I've long wondered how long it will be before we start to mine landfills. To an extent we already do so--methane gas from landfills (generated by the decomposition of organic material) is used to power generators at some landfills. It's not a fantastic source of methane, being inconsistent and of low quality, but where it works it helps reduce the cost of running the landfills.

I've also recently found examples of recycling materials for use in scientific analysis. Microfossil slides can be made using glass slide covers and cardboard bodies (from any source) held together by clips made from old aluminum cans. Leave it to geologists to discover a way to use beer cans!

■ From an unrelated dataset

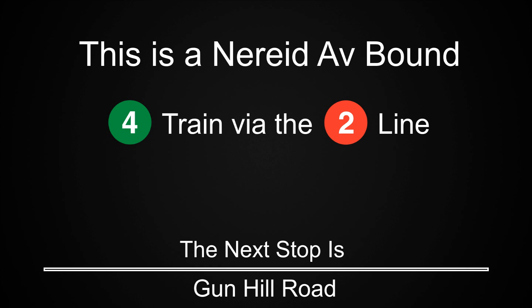This is a Nereid Avenue-bound 4 train via the 2 line. The next stop is Gun Hill Road.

Recycling wasn't invented by hippies. It was invented by folks who understood that waste is, well, wasteful. They looked upon waste material as raw materials. "Real" microfossil slide clips are expensive; if you have spare metal cans lying around, it makes sense to spend the five minutes it takes to make a dozen or so of your own. Ash makes lye, and is great at cleaning out bowls used to cook animal products--a fact that every housewife in the Middle Ages used to her advantage! Potato peals and grass clippings make good compost, a fact that every gardener used to their advantage for generations. But the unifying theme is "How do I solve a problem I have with the resources I have?" It took the hippies to dissociate use of waste material from productive activities--ie, to give birth to modern recycling.

Gus Van Horn said...

Dinwar,

Those are interesting examples of recycling, and remind me of another that, I think I first learned way back from from Dixie Lee Ray's books: spent nuclear fuel. It's very cost-effective to recycle that, but you won't find too many hippies who like the idea.